▶ [Task] Begin at the line below that holds "for Beginner Girls" and end at the line that holds "Organic Cotton One-Piece", transcribing each line exactly and skipping any picture.

▶ [Source material]

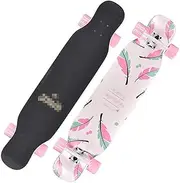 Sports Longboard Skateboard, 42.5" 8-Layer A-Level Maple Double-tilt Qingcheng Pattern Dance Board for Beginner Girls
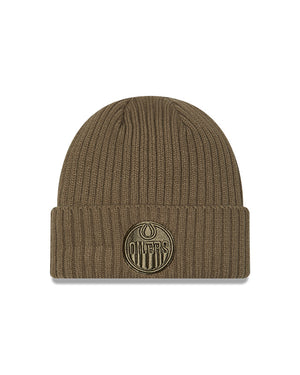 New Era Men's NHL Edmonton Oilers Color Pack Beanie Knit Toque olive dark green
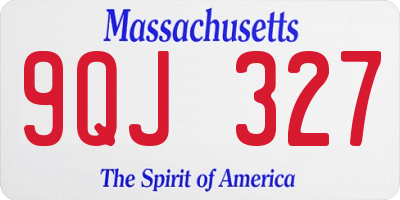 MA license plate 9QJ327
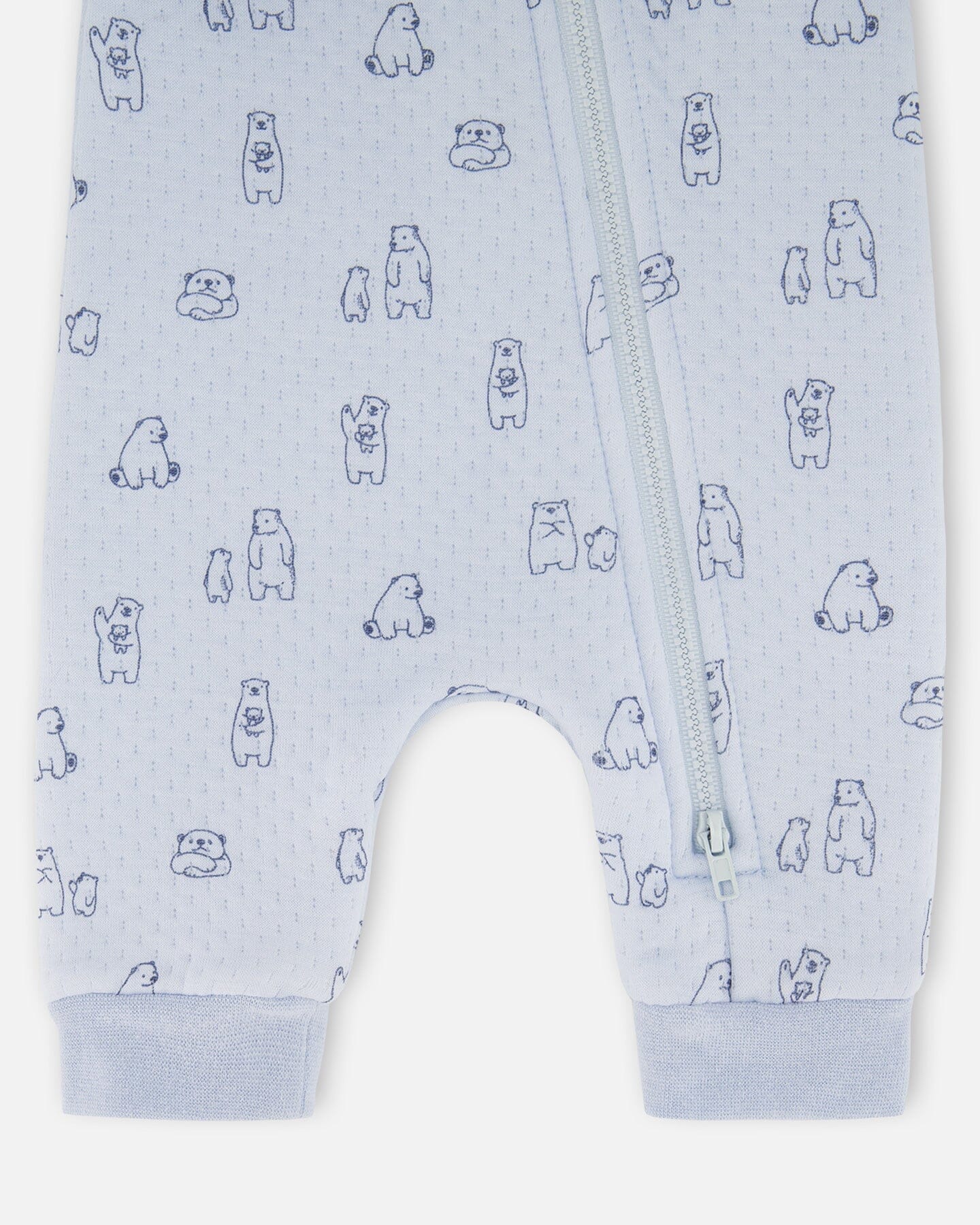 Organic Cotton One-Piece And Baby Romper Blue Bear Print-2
...
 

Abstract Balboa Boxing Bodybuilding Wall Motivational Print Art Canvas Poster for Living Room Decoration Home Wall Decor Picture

▶ [Response area]
 Sports Longboard Skateboard, 42.5" 8-Layer A-Level Maple Double-tilt Qingcheng Pattern Dance Board for Beginner Girls
 New Era Men's NHL Edmonton Oilers Color Pack Beanie Knit Toque olive dark green
 MA license plate 9QJ327
 Organic Cotton One-Piece And Baby Romper Blue Bear Print-2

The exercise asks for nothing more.